The minister added like the previous years, the first day of the New Year would be celebrated as the “Textbook Festival” day across the country.
“All education institutions will remain open that day with books to be handed over to the students,” Nahid said.
Prime Minister Sheikh Hasina is scheduled to formally inaugurate the celebration tomorrow by handing over books to students of different classes at Gono Bhaban in the capital at 10:00am.
On the New Year’s Day, the education ministry would open the festival at Govt Laboratory School in Dhanmondi at 9:00am. The primary and mass education ministry would also hold a separate programme at National Bangla Govt School in Mirpur at 10:00am.

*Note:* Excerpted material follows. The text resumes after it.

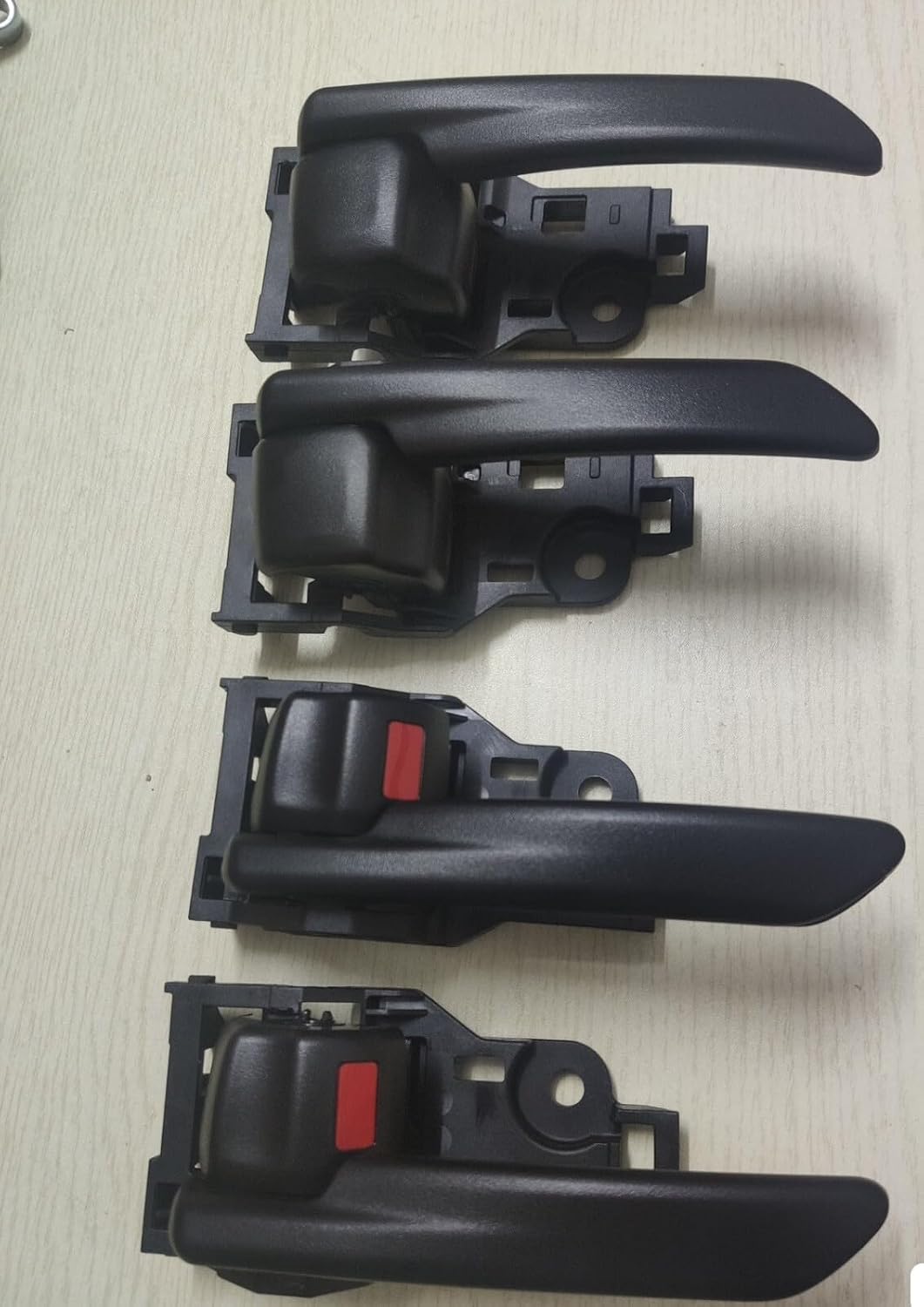 ya 4 8.14 OE Left Front/Rear Door Inner Handle for Toyota Highlander, for Corolla, RAV4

In the wake of persisting textbook crisis, the government in 2009 decided to distribute textbooks free of cost. It has been distributing free books to both primary and secondary level students at the very beginning of academic session since 2010.
This year, the government would distribute 33.37 crore copies of new textbooks of 291 subjects for pre-primary, primary, ebtedai [primary level of madrasa], secondary, dakhil [secondary level of madrasa) and vocational students.
Education officials at the grassroots level had worked round the clock to send the books to destinations for several days, said officials at the National Curriculum and Textbook Board (NCTB), the apex body looking after the government’s book distribution scheme.
The education minister said printing work started late due to some complexities this year. “We have been printing primary textbooks before the secondary books. But this year we had to start the work late.”
“Yet all books for primary level were printed and sent to the destinations,” he observed.
On complaints of poor quality paper being used for primary textbooks, Nahid said they would examine the quality after distribution.
“We will take punitive actions if we find substandard paper was used.”
Printing of primary textbooks hit a snag in mid-August when the World Bank set some conditions for the winning bidders, who submitted the bid much lower than the estimated cost.
The WB, which lends around 10 percent costs of primary textbooks, sought to check the quality during printing and wanted to pay the printers only if their work was satisfactory.
The bidders rejected outright the conditions but finally agreed to do the work in the first week of September upon assurance from the government high-ups that some of the conditions would be relaxed.
Nahid said there would be no problem if some books were damaged as they had five percent extra books in buffer stocks.